'Harley Quinn: Birds of Prey' Review
'Birds of Prey: The Fantabulous Emancipation of One Harley Quinn' and Men are Trash. Yes, men are trash, the incendiary dog whistle known to bring out the savage in many a folk online, should have been part of the gloriously eccentric title because zero fucks were given for the feelings of the so-called superior sex.
To find a redeemable man in this story will be to search for a needle in a haystack only to be pricked by the needle en route to admission in a hospital with a bad case of tetanus.
But aside from the obvious societal dysfunction that informs the necessary and uncompromising sense of urgency from feminists, there is a purpose to 'Birds of Prey’s' cynicism. The whole plot gushes forth from a bad break up in the most toxic of relationships; Harley Quinn (Margot Robbie) and The Joker.
A harlequin’s purpose is to serve, our heroine notes someways down the line, as slivers of the abuse she suffered at the hands of Mr. J flash across her eyes. It's the most we dwell on the past here. Director Cathy Yan is all about the fantabulous emancipation bits as we board this ditzy intoxicated rollercoaster of an action film.
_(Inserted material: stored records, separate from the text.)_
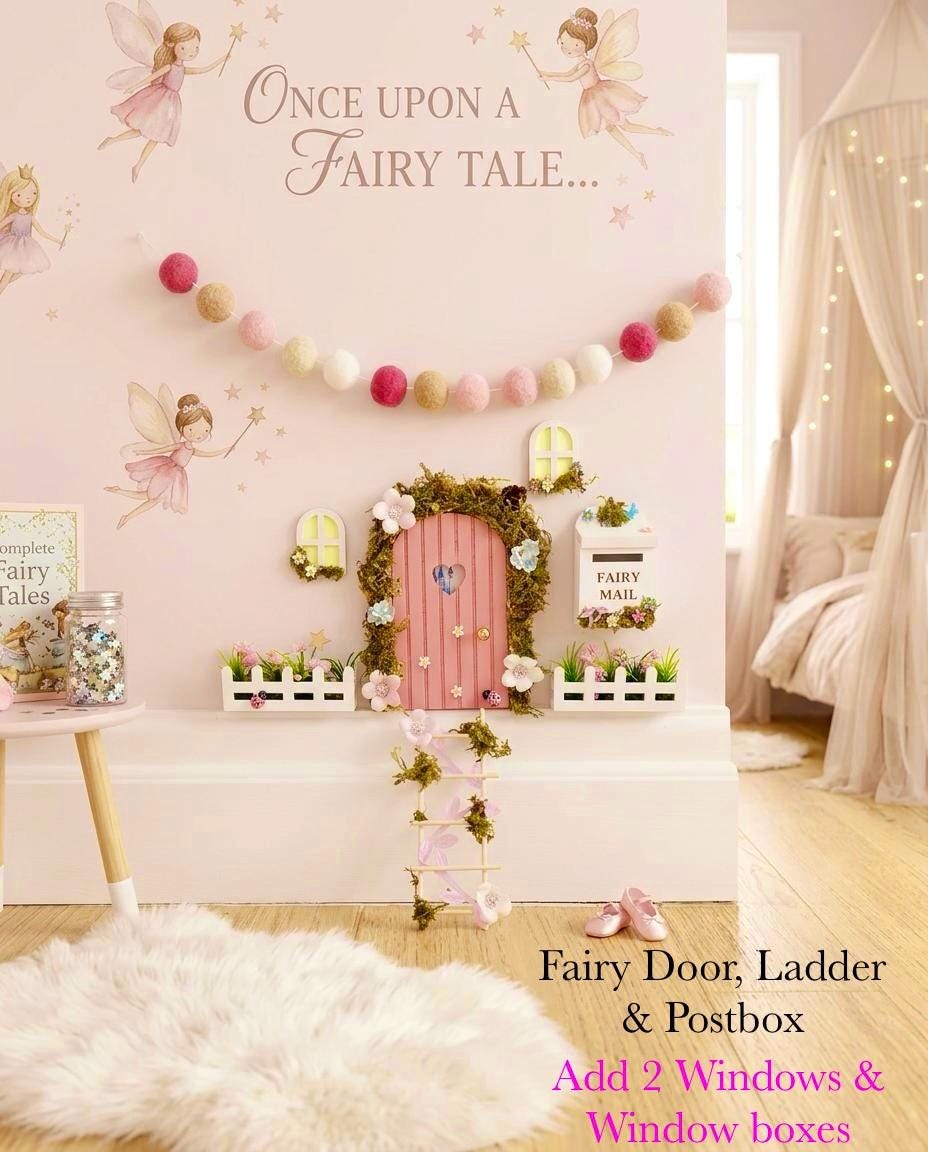 DDeluxe Opening FAIRY DOOR with Glowing Windows, Ladder & Fairy Postbox for Fairy Bedroom Decor. Fairy Door Key. Fairy Birthday Gift __etsy:7904540265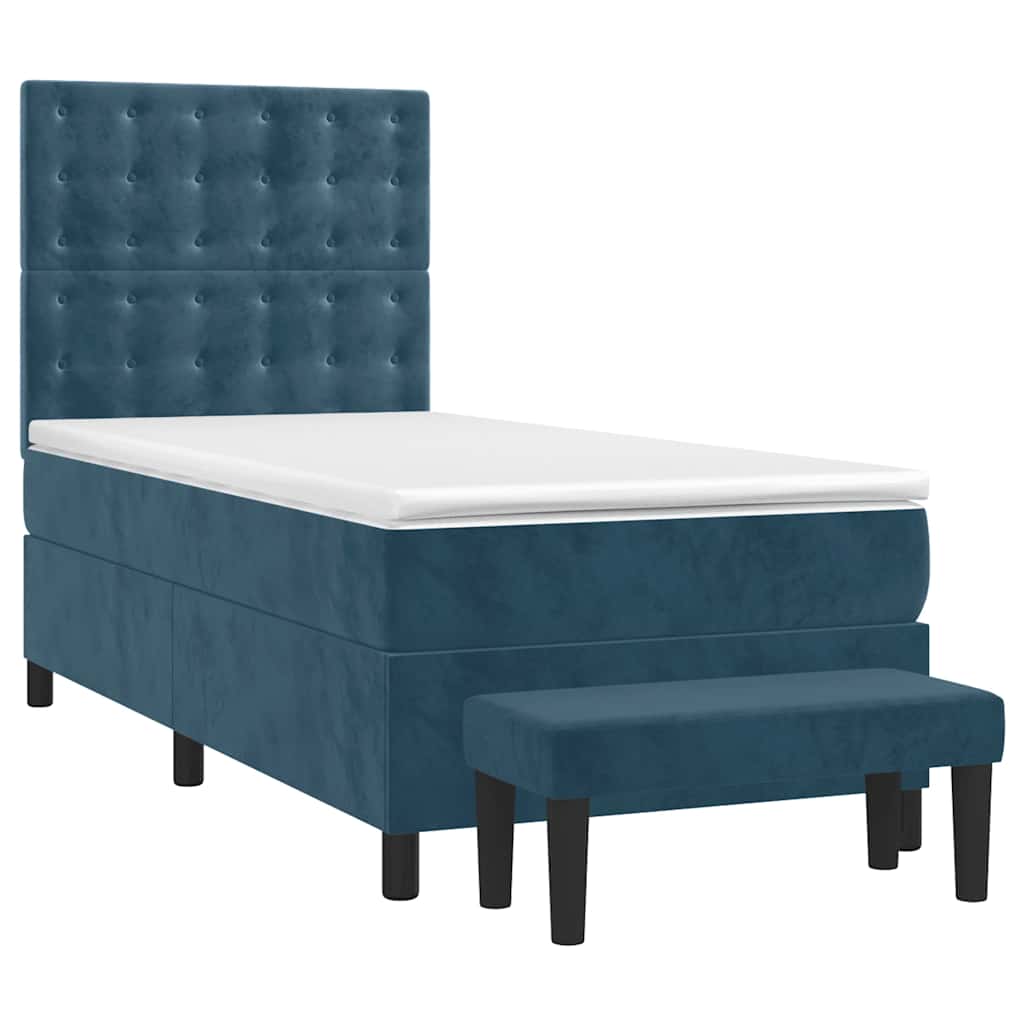 Giroletto a Molle con Materasso Blu Scuro 80x200 cm in Velluto | homemem39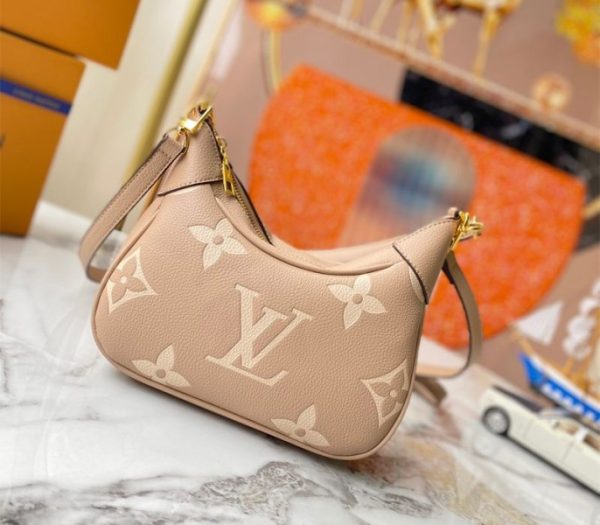 Replica Louis Vuitton Bicolor Monogram Empreinte Leather Bagatelle Mini Hobo In Tourterelle Gray - Image 2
Somewhat disappointingly, this is not the team-up movie the trailer would have you think. The story really is about the consequences of the bad break-up with Joker as Harley becomes hot cake in Gotham; for all the people would like to see her dead. Harley has lost the Joker’s protection and she can no longer jump off stripper poles to break a man’s legs willy nilly.
At the top of the long list of revenge-seekers is Roman “Black Mask” Sionis (Ewan McGregor), the men are trash poster boy; violent, sleazy, vain, erratic, insecure but truly hilarious, especially in the scenes laced with homoerotic tension with his number two (Chris Messina).If you’ve seen the trailer you know there is a McGuffin diamond that takes this roller coaster up a notch and brings together our anti-heroines.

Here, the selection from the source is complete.